Task description - Leaving out the pictures, return word for word the stretch of entries below from the line holding "Prada Large Leather Satchel Bag - Black" through the line holding "Bir insan tarafından".
BEGIN Extracted entries
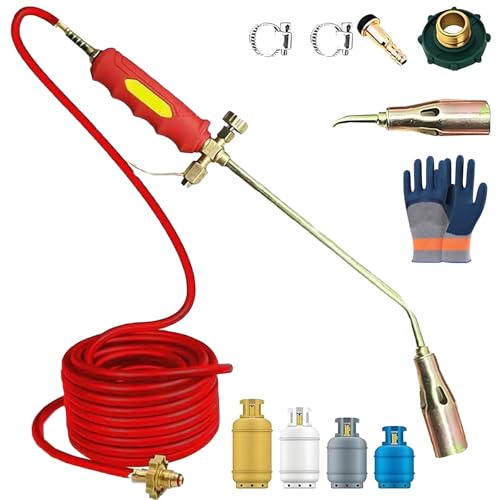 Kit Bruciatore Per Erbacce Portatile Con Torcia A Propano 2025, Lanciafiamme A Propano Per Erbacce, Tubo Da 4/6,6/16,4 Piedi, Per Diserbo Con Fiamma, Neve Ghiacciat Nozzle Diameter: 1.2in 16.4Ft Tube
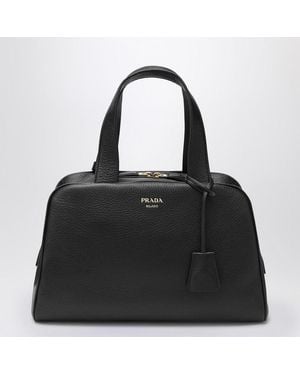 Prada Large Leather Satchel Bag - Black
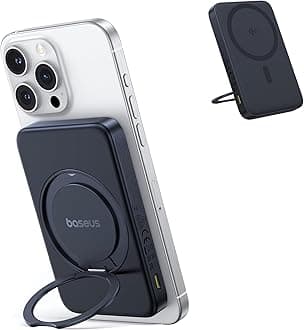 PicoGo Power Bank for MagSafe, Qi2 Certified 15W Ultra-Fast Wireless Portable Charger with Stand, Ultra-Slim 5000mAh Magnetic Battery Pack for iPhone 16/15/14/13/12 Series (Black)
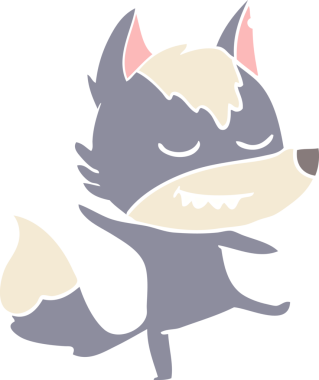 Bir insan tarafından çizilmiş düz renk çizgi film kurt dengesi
END Extracted entries
BEGIN Extracted entries
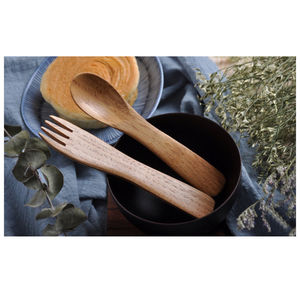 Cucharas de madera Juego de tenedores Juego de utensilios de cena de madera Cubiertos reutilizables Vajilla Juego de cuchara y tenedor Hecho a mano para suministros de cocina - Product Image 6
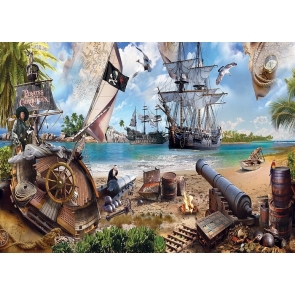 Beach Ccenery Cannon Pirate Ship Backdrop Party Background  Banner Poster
END Extracted entries
Exercise solution -
 Prada Large Leather Satchel Bag - Black
 PicoGo Power Bank for MagSafe, Qi2 Certified 15W Ultra-Fast Wireless Portable Charger with Stand, Ultra-Slim 5000mAh Magnetic Battery Pack for iPhone 16/15/14/13/12 Series (Black)
 Bir insan tarafından çizilmiş düz renk çizgi film kurt dengesi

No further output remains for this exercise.